Data extract:

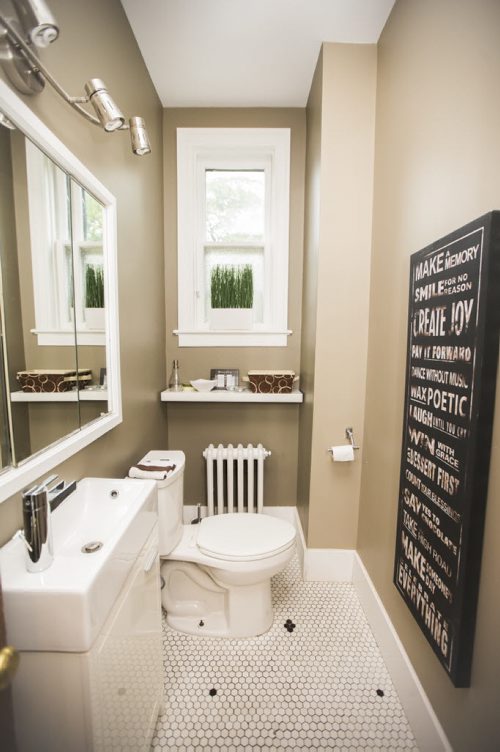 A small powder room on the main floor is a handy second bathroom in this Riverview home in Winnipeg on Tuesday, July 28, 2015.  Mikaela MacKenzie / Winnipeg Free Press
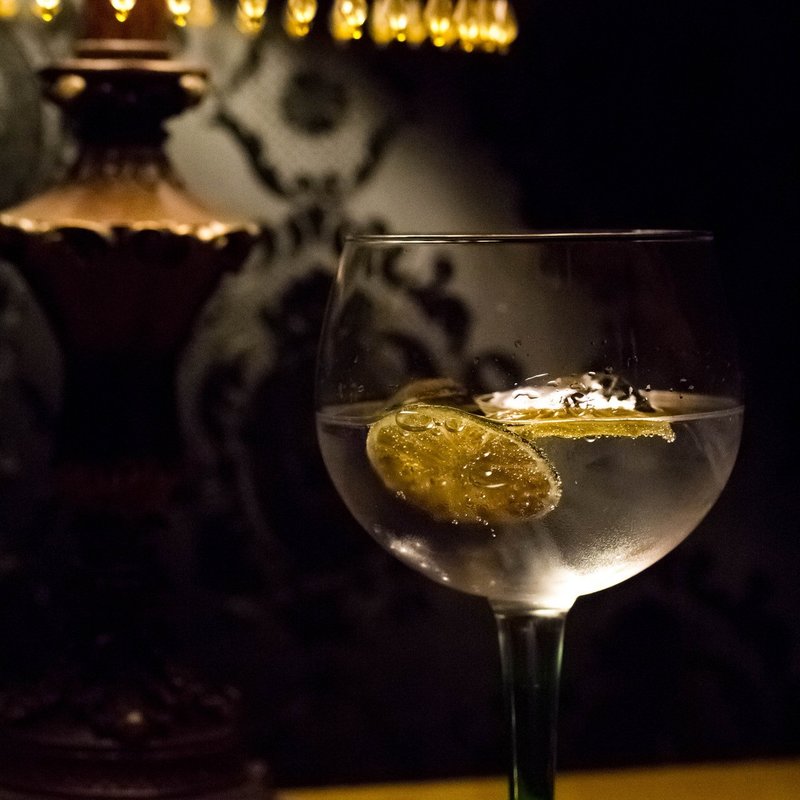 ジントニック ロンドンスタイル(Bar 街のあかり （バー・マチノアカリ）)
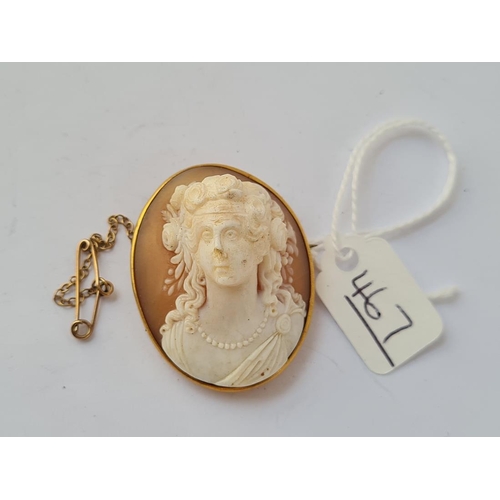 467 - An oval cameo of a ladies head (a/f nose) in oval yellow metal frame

* * *

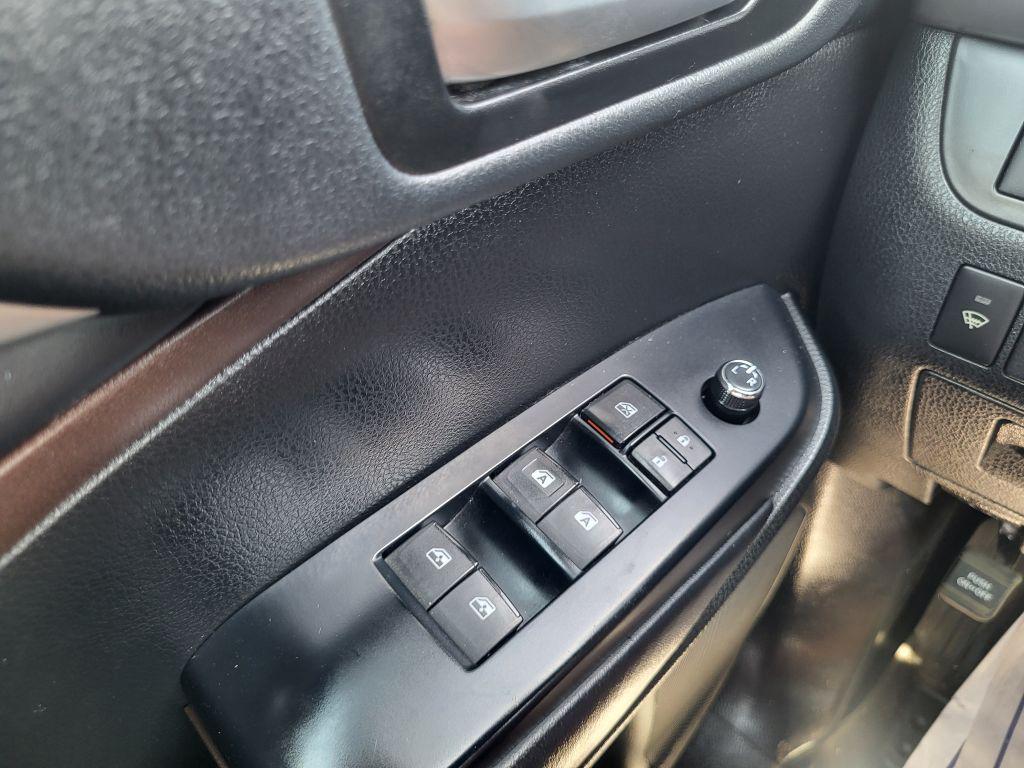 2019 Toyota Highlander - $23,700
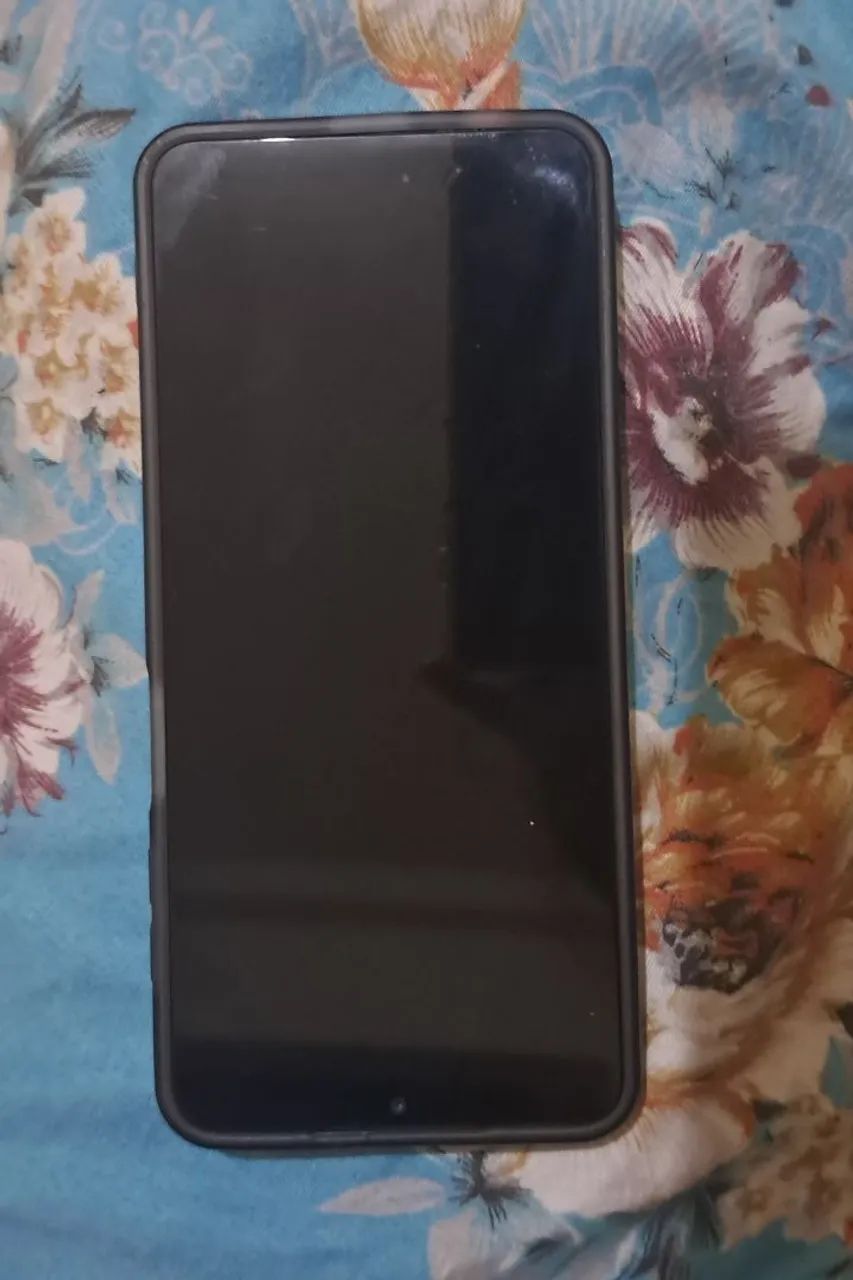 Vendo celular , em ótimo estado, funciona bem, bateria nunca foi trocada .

--

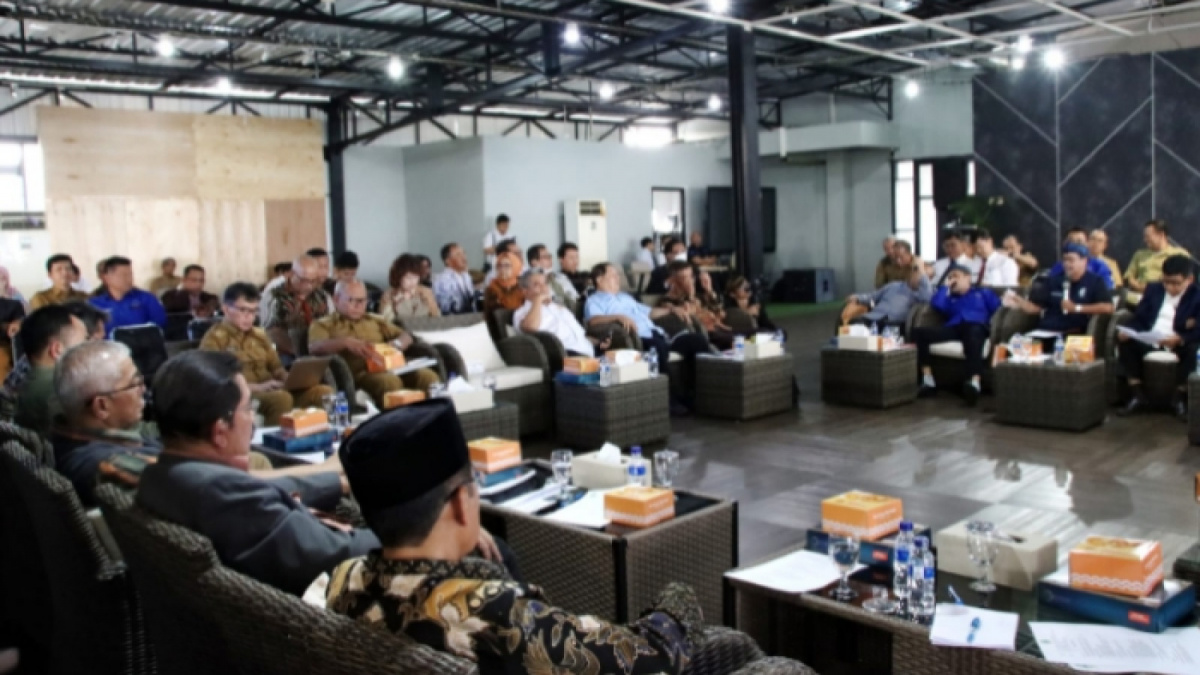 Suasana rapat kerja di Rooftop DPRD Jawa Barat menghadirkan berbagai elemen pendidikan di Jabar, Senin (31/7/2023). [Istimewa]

Directions for this task: Exact copy, pictures excluded: from the line with "A small powder" up to and including the line with "467 - An oval" in the data above.

Finished task:
 A small powder room on the main floor is a handy second bathroom in this Riverview home in Winnipeg on Tuesday, July 28, 2015.  Mikaela MacKenzie / Winnipeg Free Press
 ジントニック ロンドンスタイル(Bar 街のあかり （バー・マチノアカリ）)
 467 - An oval cameo of a ladies head (a/f nose) in oval yellow metal frame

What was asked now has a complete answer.